Answer: Using complementary angles, sin 65° = cos 25° and cos 70° = sin 20°. The first fraction becomes (sin² 25° + cos² 25°) / (cos² 20° + sin² 20°) = 1/1 = 1. For the second part, sin 27° = sin(90° - 63°) = cos 63°, so we have sin² 63° + cos 63° cos 63° = sin² 63° + cos² 63° = 1. Adding both parts: 1 + 1 = 2.
In simple words: Replace each angle with its complementary form. Watch for pairs like sin² + cos² that always equal 1. Add the results together.

Exam Tip: Whenever you see sin² and cos² of angles that add to 90° in the same expression, they will simplify to 1. This saves time on lengthy calculations.

 

Question 3. If (4/3)(sec² 59° - cot² 31°) - (2/3) sin 90° + 3 tan² 56° tan² 34° = x/3, then find the value of x.
Answer: Rewrite using complementary angles: cot 31° = cot(90° - 59°) = tan 59°, and tan 34° = tan(90° - 56°) = cot 56°. The expression becomes (4/3)(sec² 59° - tan² 59°) - (2/3)(1) + 3 tan² 56° cot² 56°. Using the Pythagorean identity sec² 59° - tan² 59° = 1, and the fact that tan 56° cot 56° = 1, this simplifies to (4/3)(1) - 2/3 + 3(1) = 4/3 - 2/3 + 3 = 2/3 + 3 = 11/3. Therefore x = 11.
In simple words: Use complementary angle identities and Pythagorean identities to replace complex expressions with 1. Simplify arithmetic step by step, keeping fractions organised.

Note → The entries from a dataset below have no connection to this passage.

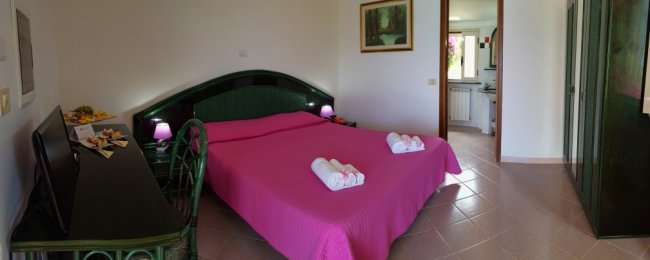 Letto matrimoniale rosa con asciugamani piegati.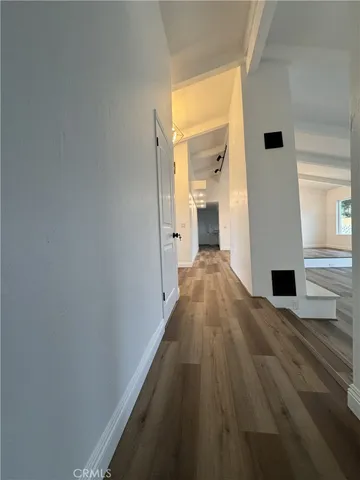 a view of a hallway with wooden floor and a bathroom
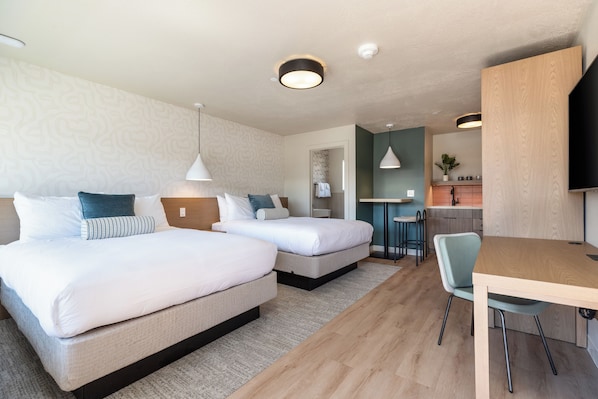Une chambre d’hôtel avec deux lits, un bureau, une chaise, une télévision et une kitchenette.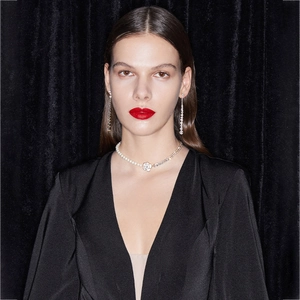 Détail de collier perle camélia et boucles d'oreilles franges sur mannequin sur velours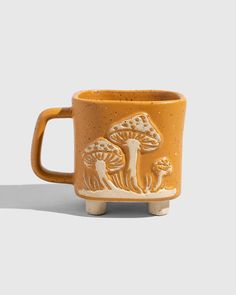 a yellow mug with an animal design on it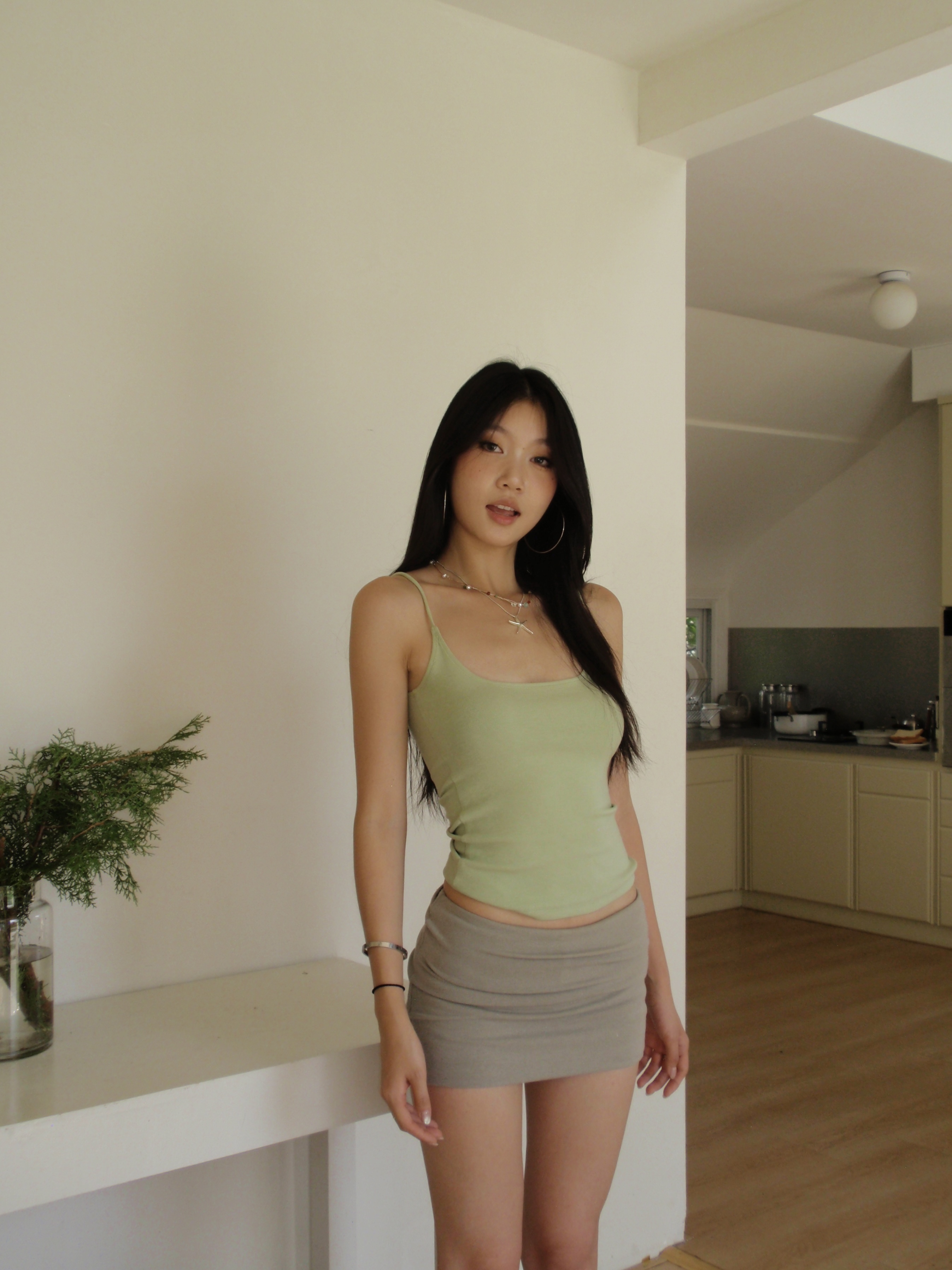 Green spaghetti strap top in a sexy style. Wear it as an inner shirt or wear it alone and it will look good.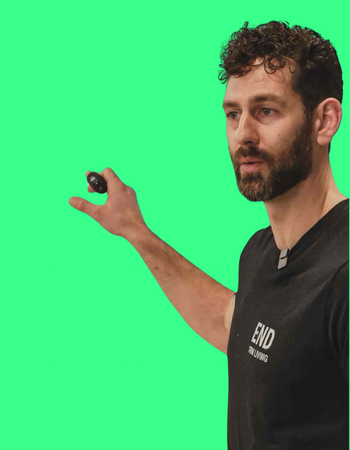 A man with curly hair and a beard holding a remote control against a green screen background.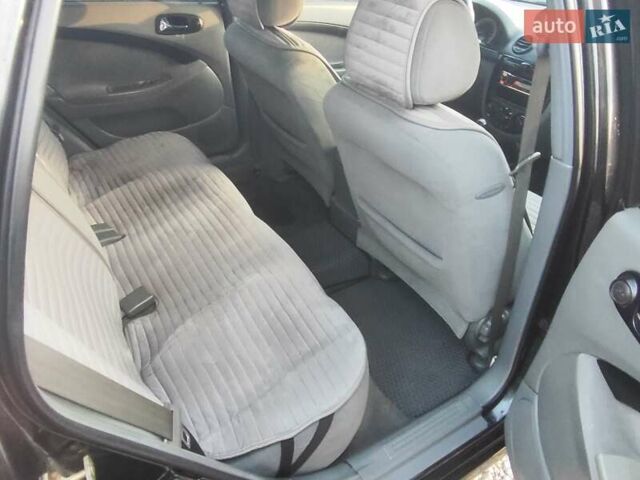 Чорний Шевроле Нубіра, об'ємом двигуна 1.6 л та пробігом 440 тис. км за 4100 $, фото 17 на Automoto.ua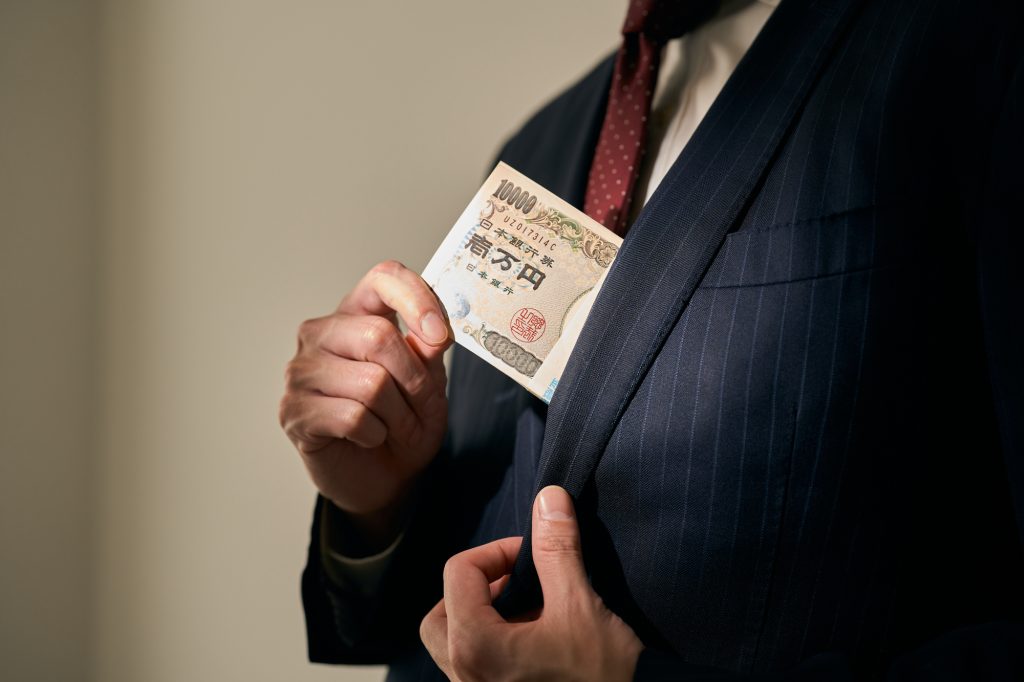 2024年 店舗経営 二極化 不正 横領 窃盗 現金着服 ブックオフ ハードオフ 三菱UFJ銀行 女性行員 札束をポケットにしまう男性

Exam Tip: Always look for reciprocal products (tan × cot = 1) and Pythagorean identities that simplify to 1. They reduce a complex-looking problem to simple arithmetic.

 

Question 4(i). Prove the following identity: cos A / (1 - sin A) + cos A / (1 + sin A) = 2 sec A.
Answer: Combine the two fractions over a common denominator: [cos A(1 + sin A) + cos A(1 - sin A)] / [(1 - sin A)(1 + sin A)]. The numerator becomes cos A + cos A sin A + cos A - cos A sin A = 2 cos A. The denominator simplifies to 1 - sin² A = cos² A. Therefore, the left side equals 2 cos A / cos² A = 2 / cos A = 2 sec A, which is the right side. Hence proved.
In simple words: Add the two fractions by finding a common denominator. Cancel terms in the numerator. Use the identity sin² + cos² = 1 to simplify the denominator. The result is 2 sec A.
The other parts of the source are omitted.